The problem: The answer should consist of every record, reproduced exactly.

Information supplied:
--- START ---

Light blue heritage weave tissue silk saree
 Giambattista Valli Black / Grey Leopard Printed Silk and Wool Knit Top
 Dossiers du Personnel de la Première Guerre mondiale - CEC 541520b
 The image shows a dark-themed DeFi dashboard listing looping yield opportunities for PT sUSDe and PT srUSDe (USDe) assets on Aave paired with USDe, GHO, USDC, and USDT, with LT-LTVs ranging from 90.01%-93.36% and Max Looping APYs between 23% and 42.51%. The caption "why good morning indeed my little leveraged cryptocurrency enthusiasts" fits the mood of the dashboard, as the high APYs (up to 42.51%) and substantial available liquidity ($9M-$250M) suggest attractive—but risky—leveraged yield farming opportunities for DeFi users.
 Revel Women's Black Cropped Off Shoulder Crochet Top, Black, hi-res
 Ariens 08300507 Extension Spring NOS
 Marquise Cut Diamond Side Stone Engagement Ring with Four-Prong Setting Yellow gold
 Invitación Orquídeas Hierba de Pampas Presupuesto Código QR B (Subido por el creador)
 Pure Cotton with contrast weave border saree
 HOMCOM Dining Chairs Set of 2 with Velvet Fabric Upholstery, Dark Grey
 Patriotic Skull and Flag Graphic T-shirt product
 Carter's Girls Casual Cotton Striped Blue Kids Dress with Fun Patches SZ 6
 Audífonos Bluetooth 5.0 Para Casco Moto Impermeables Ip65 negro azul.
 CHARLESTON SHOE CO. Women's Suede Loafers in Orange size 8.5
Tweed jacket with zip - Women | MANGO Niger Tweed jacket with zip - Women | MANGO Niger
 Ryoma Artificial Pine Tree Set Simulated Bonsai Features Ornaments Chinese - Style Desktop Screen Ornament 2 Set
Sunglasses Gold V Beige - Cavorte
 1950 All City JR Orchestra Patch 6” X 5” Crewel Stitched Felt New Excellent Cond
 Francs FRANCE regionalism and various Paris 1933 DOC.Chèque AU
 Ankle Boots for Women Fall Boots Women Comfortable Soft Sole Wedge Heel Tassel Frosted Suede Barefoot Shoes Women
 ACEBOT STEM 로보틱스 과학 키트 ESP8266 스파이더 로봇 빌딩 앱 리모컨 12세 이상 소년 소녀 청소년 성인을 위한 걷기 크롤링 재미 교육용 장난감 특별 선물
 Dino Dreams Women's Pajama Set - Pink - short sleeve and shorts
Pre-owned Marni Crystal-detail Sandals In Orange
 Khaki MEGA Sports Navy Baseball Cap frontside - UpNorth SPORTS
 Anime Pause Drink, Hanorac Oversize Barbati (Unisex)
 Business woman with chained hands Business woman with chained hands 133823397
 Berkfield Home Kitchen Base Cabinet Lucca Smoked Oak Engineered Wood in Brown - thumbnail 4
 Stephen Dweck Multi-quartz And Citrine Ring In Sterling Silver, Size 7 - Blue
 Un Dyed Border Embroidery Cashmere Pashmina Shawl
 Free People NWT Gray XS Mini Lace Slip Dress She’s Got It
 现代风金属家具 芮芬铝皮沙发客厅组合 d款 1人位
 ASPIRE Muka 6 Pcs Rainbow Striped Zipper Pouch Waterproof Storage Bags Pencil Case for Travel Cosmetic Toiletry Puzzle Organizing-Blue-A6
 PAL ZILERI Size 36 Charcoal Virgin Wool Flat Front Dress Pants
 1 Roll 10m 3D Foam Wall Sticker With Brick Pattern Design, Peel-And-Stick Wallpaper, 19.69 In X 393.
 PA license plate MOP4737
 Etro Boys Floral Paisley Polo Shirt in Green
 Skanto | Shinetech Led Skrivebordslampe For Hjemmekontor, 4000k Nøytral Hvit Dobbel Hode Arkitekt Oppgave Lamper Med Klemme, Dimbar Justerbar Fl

--- END ---

Response to the exercise:
Light blue heritage weave tissue silk saree
 Giambattista Valli Black / Grey Leopard Printed Silk and Wool Knit Top
 Dossiers du Personnel de la Première Guerre mondiale - CEC 541520b
 The image shows a dark-themed DeFi dashboard listing looping yield opportunities for PT sUSDe and PT srUSDe (USDe) assets on Aave paired with USDe, GHO, USDC, and USDT, with LT-LTVs ranging from 90.01%-93.36% and Max Looping APYs between 23% and 42.51%. The caption "why good morning indeed my little leveraged cryptocurrency enthusiasts" fits the mood of the dashboard, as the high APYs (up to 42.51%) and substantial available liquidity ($9M-$250M) suggest attractive—but risky—leveraged yield farming opportunities for DeFi users.
 Revel Women's Black Cropped Off Shoulder Crochet Top, Black, hi-res
 Ariens 08300507 Extension Spring NOS
 Marquise Cut Diamond Side Stone Engagement Ring with Four-Prong Setting Yellow gold
 Invitación Orquídeas Hierba de Pampas Presupuesto Código QR B (Subido por el creador)
 Pure Cotton with contrast weave border saree
 HOMCOM Dining Chairs Set of 2 with Velvet Fabric Upholstery, Dark Grey
 Patriotic Skull and Flag Graphic T-shirt product
 Carter's Girls Casual Cotton Striped Blue Kids Dress with Fun Patches SZ 6
 Audífonos Bluetooth 5.0 Para Casco Moto Impermeables Ip65 negro azul.
 CHARLESTON SHOE CO. Women's Suede Loafers in Orange size 8.5
Tweed jacket with zip - Women | MANGO Niger Tweed jacket with zip - Women | MANGO Niger
 Ryoma Artificial Pine Tree Set Simulated Bonsai Features Ornaments Chinese - Style Desktop Screen Ornament 2 Set
Sunglasses Gold V Beige - Cavorte
 1950 All City JR Orchestra Patch 6” X 5” Crewel Stitched Felt New Excellent Cond
 Francs FRANCE regionalism and various Paris 1933 DOC.Chèque AU
 Ankle Boots for Women Fall Boots Women Comfortable Soft Sole Wedge Heel Tassel Frosted Suede Barefoot Shoes Women
 ACEBOT STEM 로보틱스 과학 키트 ESP8266 스파이더 로봇 빌딩 앱 리모컨 12세 이상 소년 소녀 청소년 성인을 위한 걷기 크롤링 재미 교육용 장난감 특별 선물
 Dino Dreams Women's Pajama Set - Pink - short sleeve and shorts
Pre-owned Marni Crystal-detail Sandals In Orange
 Khaki MEGA Sports Navy Baseball Cap frontside - UpNorth SPORTS
 Anime Pause Drink, Hanorac Oversize Barbati (Unisex)
 Business woman with chained hands Business woman with chained hands 133823397
 Berkfield Home Kitchen Base Cabinet Lucca Smoked Oak Engineered Wood in Brown - thumbnail 4
 Stephen Dweck Multi-quartz And Citrine Ring In Sterling Silver, Size 7 - Blue
 Un Dyed Border Embroidery Cashmere Pashmina Shawl
 Free People NWT Gray XS Mini Lace Slip Dress She’s Got It
 现代风金属家具 芮芬铝皮沙发客厅组合 d款 1人位
 ASPIRE Muka 6 Pcs Rainbow Striped Zipper Pouch Waterproof Storage Bags Pencil Case for Travel Cosmetic Toiletry Puzzle Organizing-Blue-A6
 PAL ZILERI Size 36 Charcoal Virgin Wool Flat Front Dress Pants
 1 Roll 10m 3D Foam Wall Sticker With Brick Pattern Design, Peel-And-Stick Wallpaper, 19.69 In X 393.
 PA license plate MOP4737
 Etro Boys Floral Paisley Polo Shirt in Green
 Skanto | Shinetech Led Skrivebordslampe For Hjemmekontor, 4000k Nøytral Hvit Dobbel Hode Arkitekt Oppgave Lamper Med Klemme, Dimbar Justerbar Fl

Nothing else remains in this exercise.